Docker as a container engine makes it easy to take a piece of code & run it inside a container. It enables engineers to collect all the code dependencies and files into a single location which can be run anywhere, quite quickly & easily.
The whole concept of “run anywhere” images starts from a simple configuration file called Dockerfile. First, we add all the build instructions, such as the code dependencies, commands, and base image details, in Dockerfile.
Need for Docker Image Optimization
Even though the Docker build process is easy, many organizations make the mistake of building bloated Docker images without optimizing the container images.
In typical software development, each service will have multiple versions/releases, and each version requires more dependencies, commands, and configs. This introduces a challenge in Docker image build, as now – the same code requires more time & resources to be built before it can be shipped as a container.
I have seen cases where the initial application image started with 350MB, and over time it grew to more than 1.5 GB.
Also, by installing unwanted libraries, we increase the chance of a potential security risk by increasing the attack surface.
Therefore, DevOps engineers must optimize the docker images to ensure that the docker image is not getting bloated after application builds or future releases. Not just for production environments, at every stage in the CI/CD process, you should optimize your docker images.
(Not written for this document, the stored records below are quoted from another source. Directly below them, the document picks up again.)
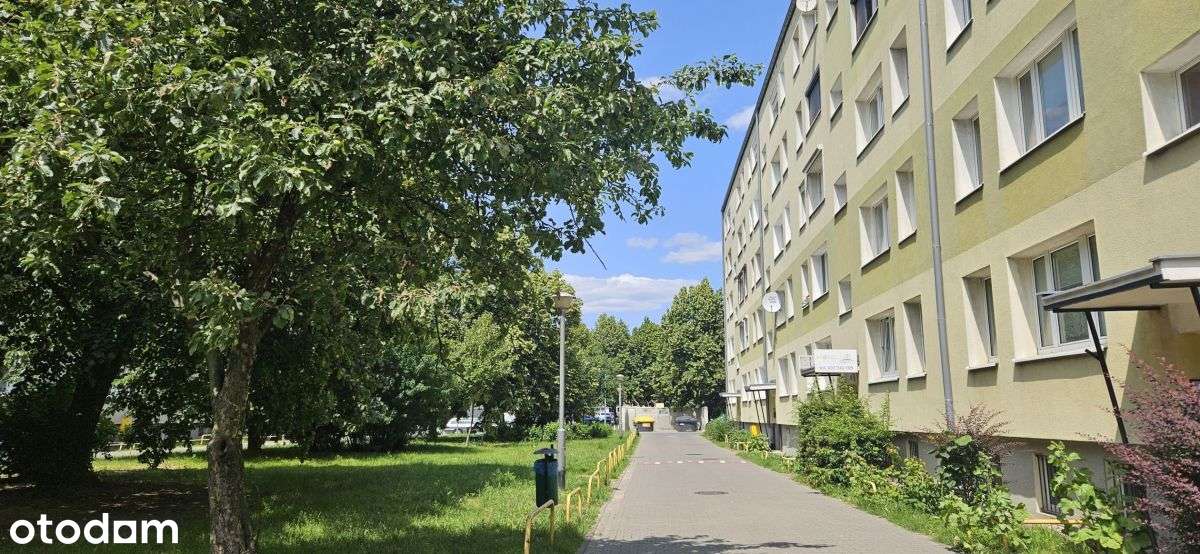 Winogrady, os. Wichrowe Wzg., 65m2, 3 pok., I ptr. w niskim bloku!-18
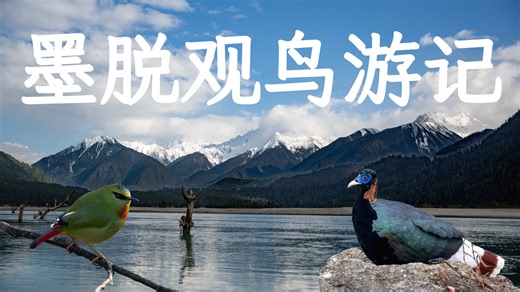 【4K】7天墨脱极限观鸟！一生一定要去一次的藏南秘境！｜观鸟｜旅拍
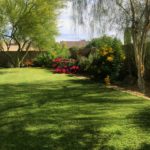 bermuda_grass_lawn_Arizona_weeds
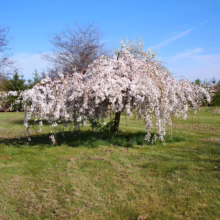 Prunus x subhirtella 'Falling Snow' (Higan Cherry) flowering.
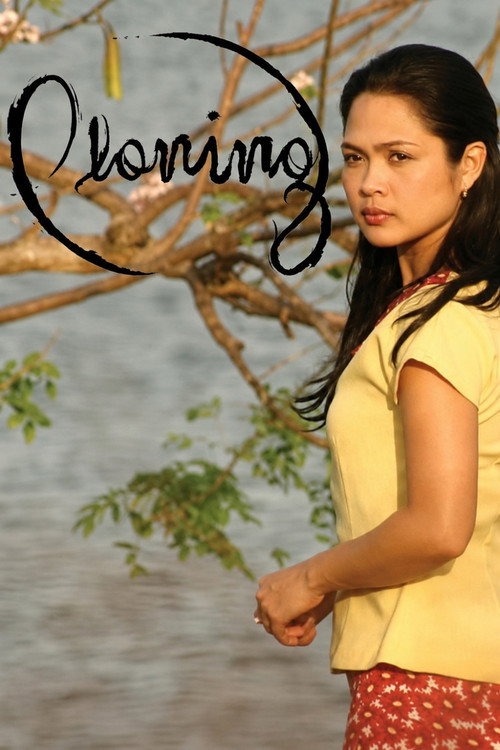 Ploning (2008) movie poster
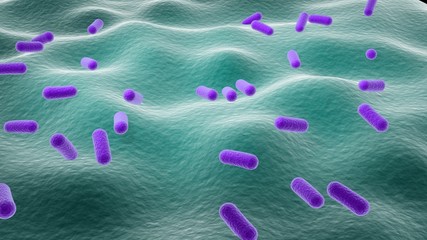 3d rendered close up of isolated lactobacillus.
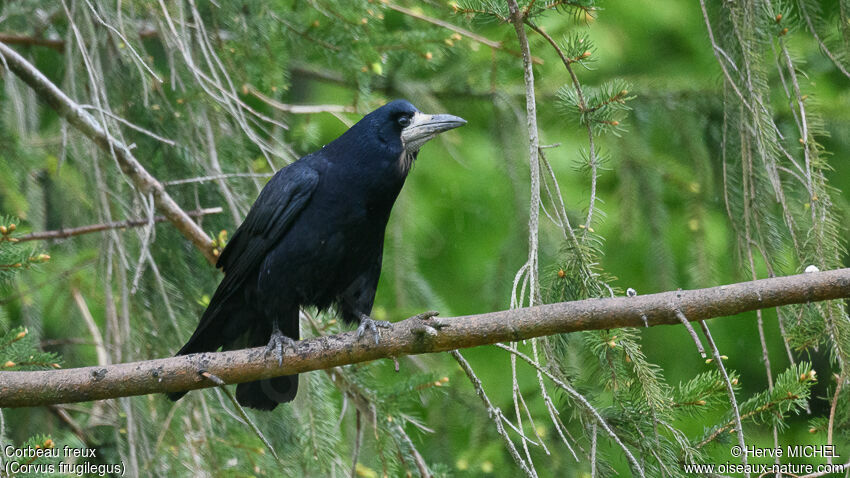 Corbeau freuxadulte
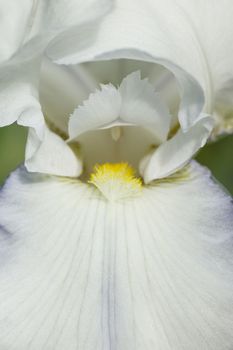 Detail of Iris flower in full Spring bloom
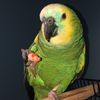 Sue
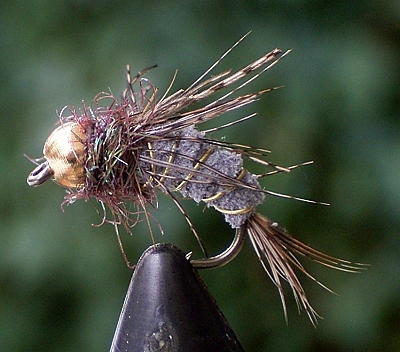 wildleder nymphe 02.jpg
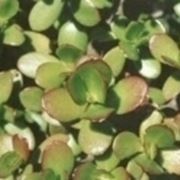 Crassula 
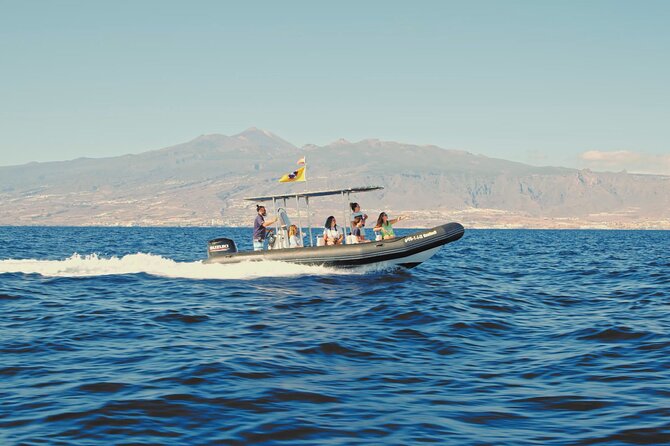 Whale and Dolphin Watching EcoAdventure in Tenerife - Hearing whales and dolphins through the hydrophone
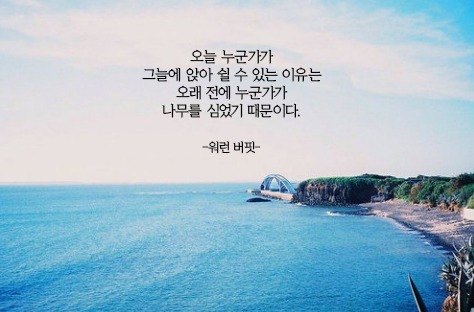 풀향 이미지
Also, with container orchestration tools like Kubernetes, it is best to have small-sized images to reduce the image transfer and deploy time.
How to Reduce Docker Image Size?
If we take a container image of a typical application, it contains a base image, Dependencies/Files/Configs, and cruft (unwanted software).
So it all boils down to how efficiently we can manage these resources inside the container image.
Let’s look at different established methods of optimizing Docker images. Additionally, we have given practical examples to understand docker image optimization in real time.
Either you use the examples given in the article or try the optimization techniques on existing Dockerfiles.
The following are the methods by which we can achieve docker image optimization.
- Using distroless/minimal base images
- Multistage builds
- Minimizing the number of layers
- Understanding caching
- Using Dockerignore
- Keeping application data elsewhere
Docker Excercise Files: All the application code, Dockerfiles, and configs used in this article are hosted this Github repository. You can clone it and follow along the tutorial.
Method 1: Use Minimal Base Images
Your first focus should be on choosing the right base image with a minimal OS footprint.
One such example is alpine base images. Alpine images can be as small as 5.59MB. It’s not just small; it’s very secure as well.
alpine latest c059bfaa849c 5.59MB
Nginx alpine base image is only 22MB.
By default, it comes with the sh shell that helps debug the container by attaching it.
You can further reduce the base image size using distroless images. It is a stripped-down version of the operating system. Distroless base images are available for java, nodejs, python, Rust, etc.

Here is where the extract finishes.